The answer must consist only of the lines in the records below from the line with "Agate Black Metallic 2023 Ford Edge Titanium" to the line with "Plakat w ramie", both included, copied word for word with every picture left out.

TASK MATERIAL -
....................

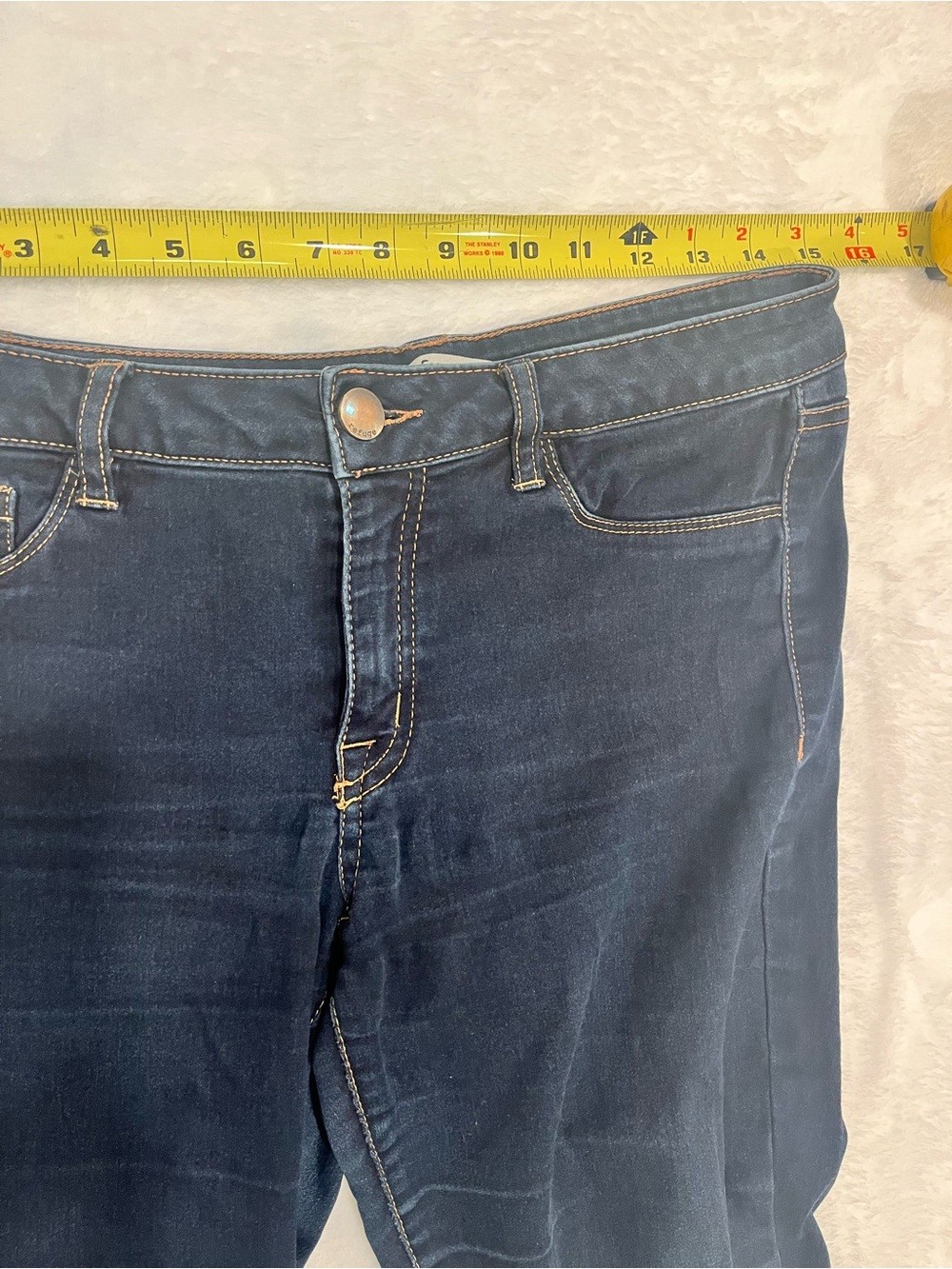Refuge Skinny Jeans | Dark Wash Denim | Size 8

....................

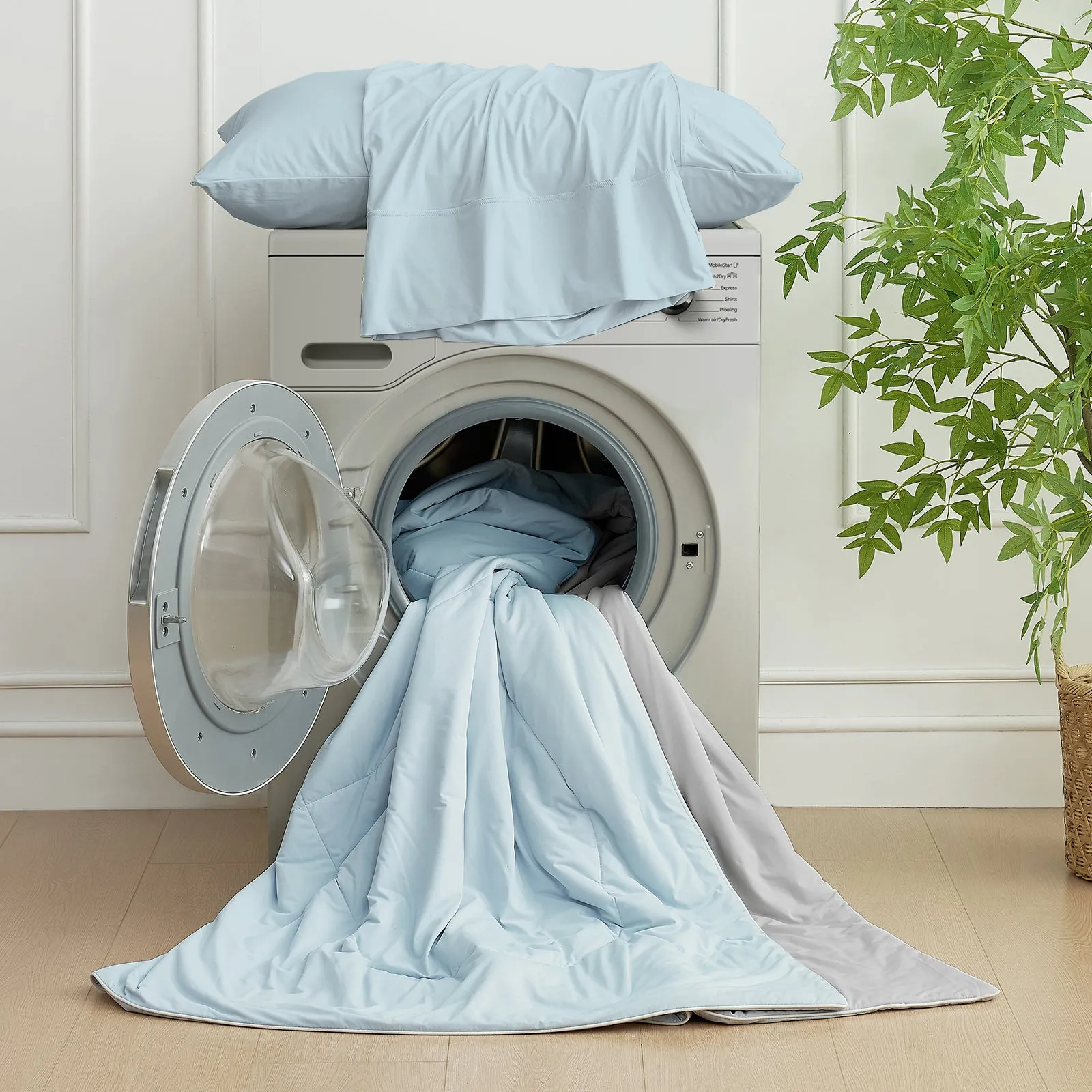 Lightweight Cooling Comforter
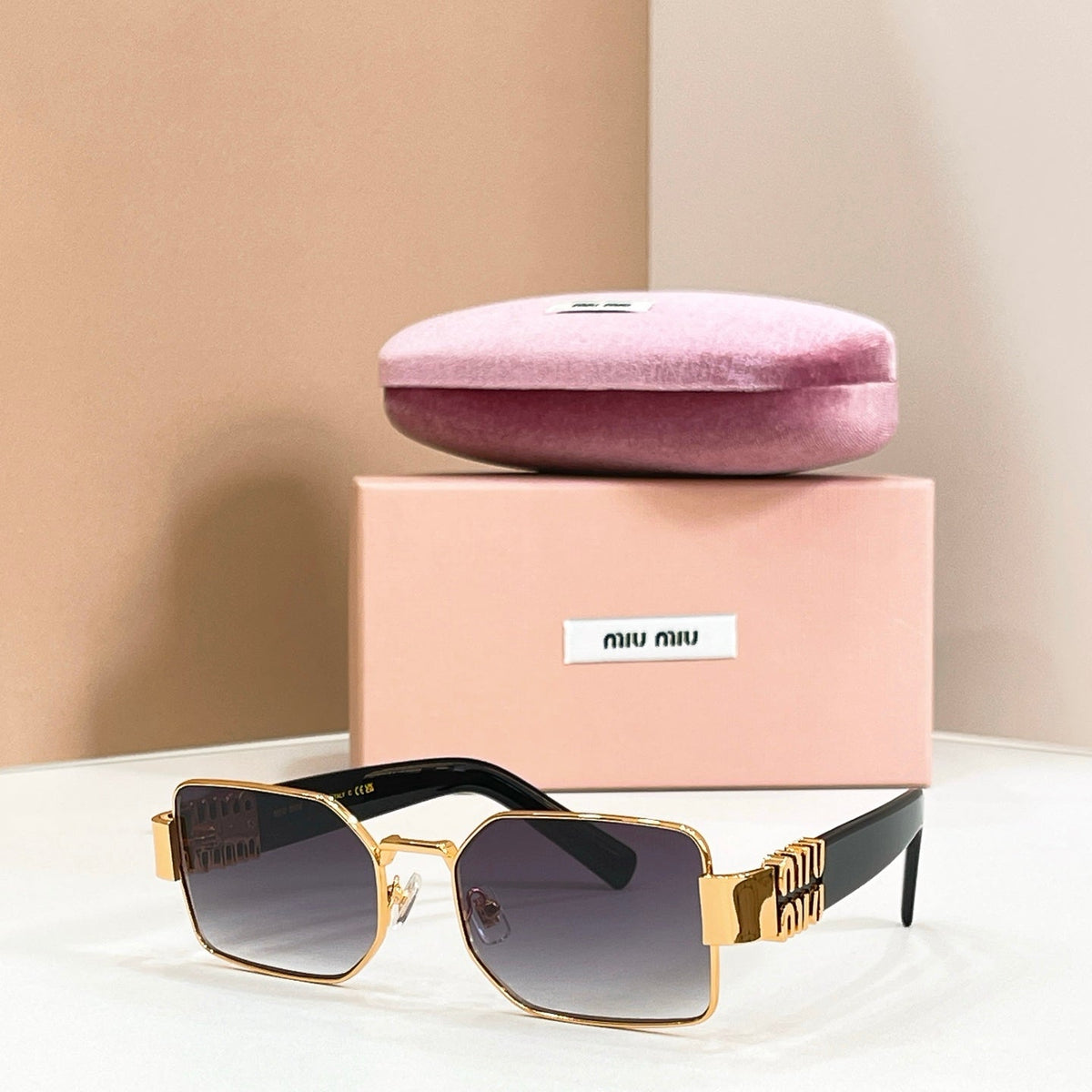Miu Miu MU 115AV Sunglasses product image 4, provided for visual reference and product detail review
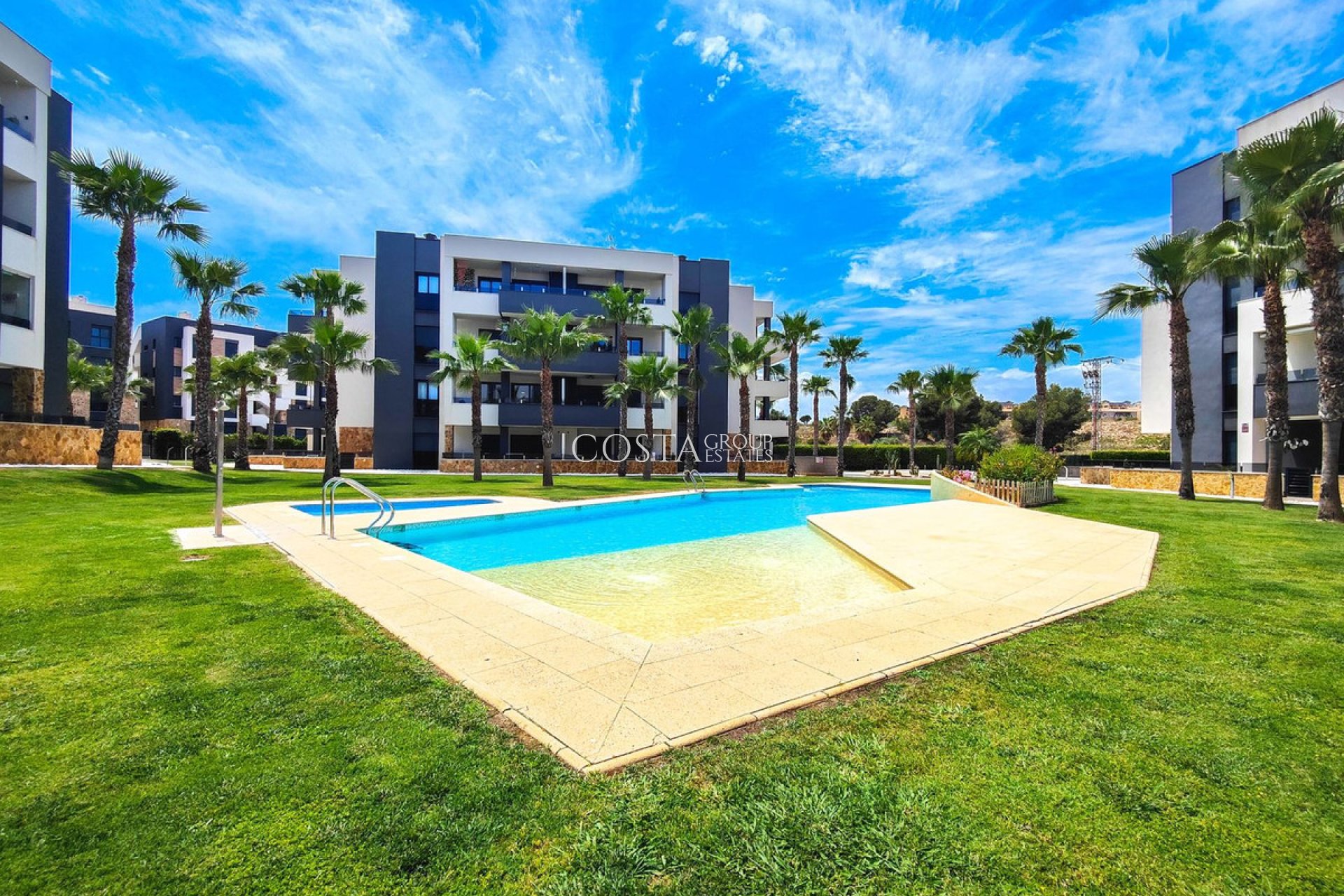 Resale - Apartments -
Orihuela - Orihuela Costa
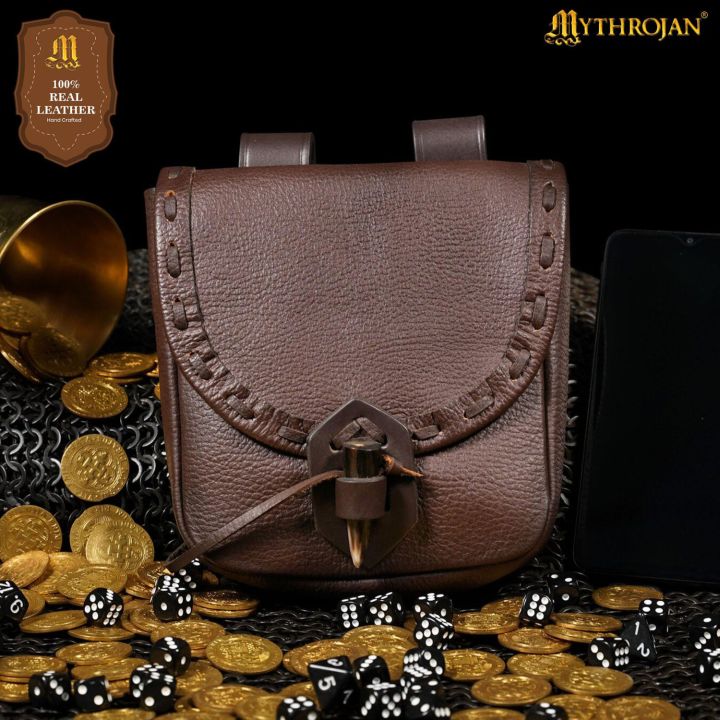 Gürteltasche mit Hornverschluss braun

....................

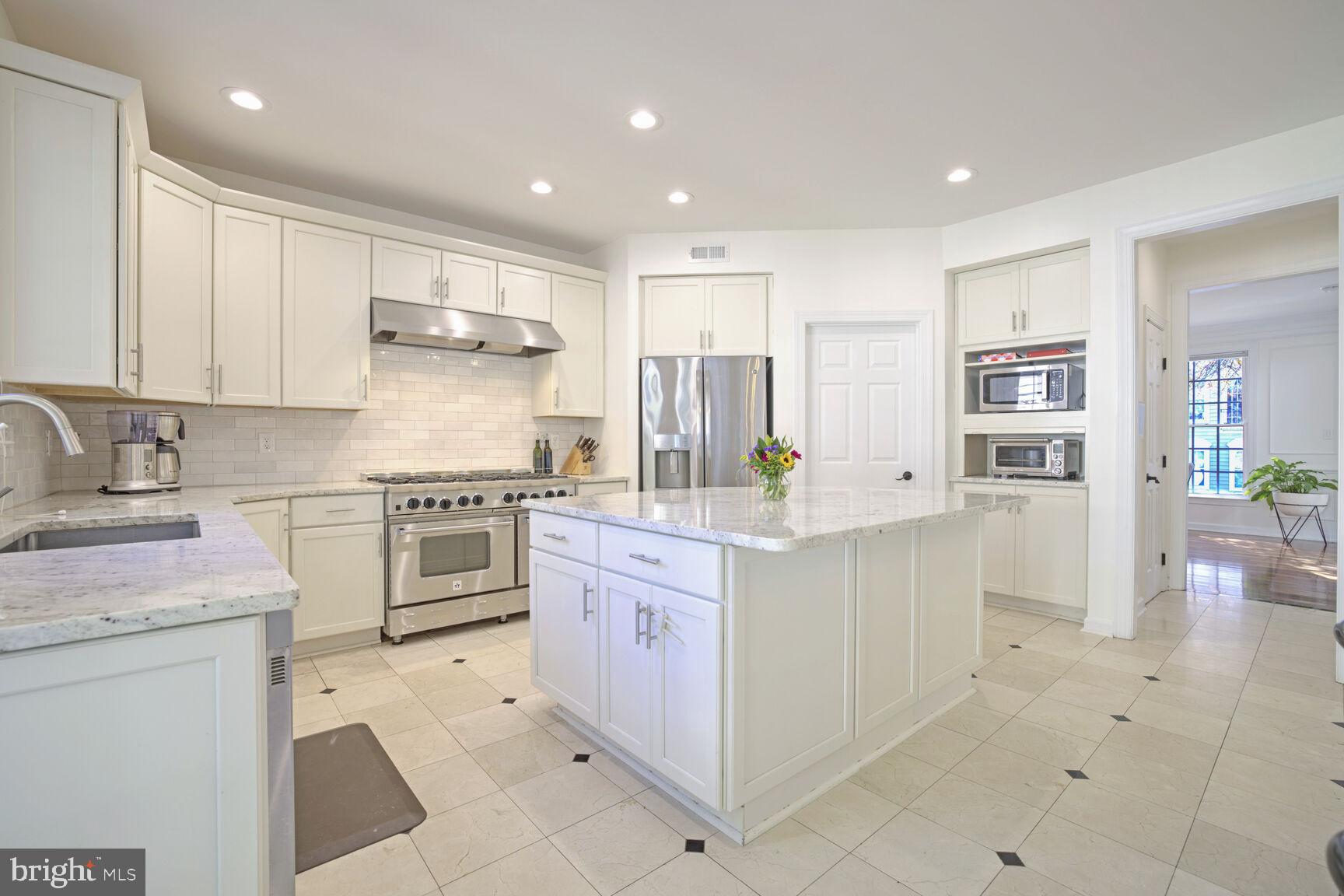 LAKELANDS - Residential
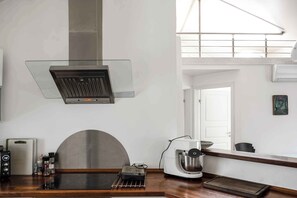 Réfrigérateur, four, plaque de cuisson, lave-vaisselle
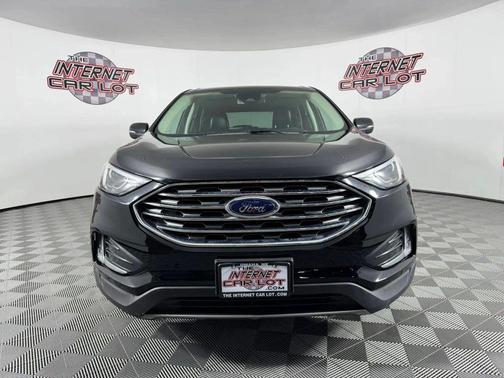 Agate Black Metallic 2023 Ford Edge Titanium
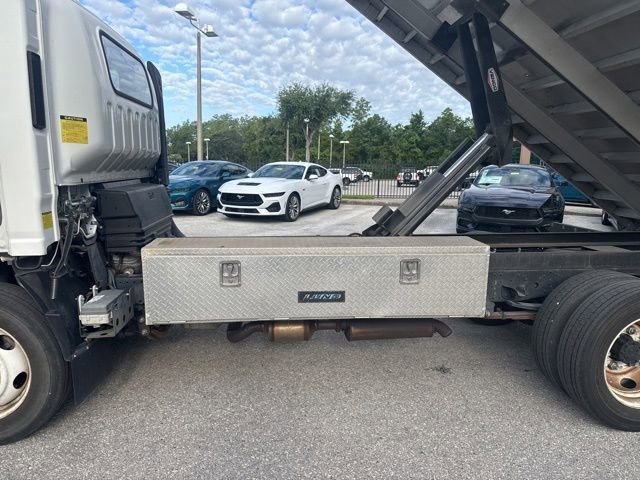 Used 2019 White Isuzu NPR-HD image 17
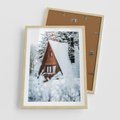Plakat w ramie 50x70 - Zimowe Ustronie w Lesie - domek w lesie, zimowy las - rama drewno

....................

SOLUTION TO THIS EXERCISE -
 Agate Black Metallic 2023 Ford Edge Titanium
 Used 2019 White Isuzu NPR-HD image 17
Plakat w ramie 50x70 - Zimowe Ustronie w Lesie - domek w lesie, zimowy las - rama drewno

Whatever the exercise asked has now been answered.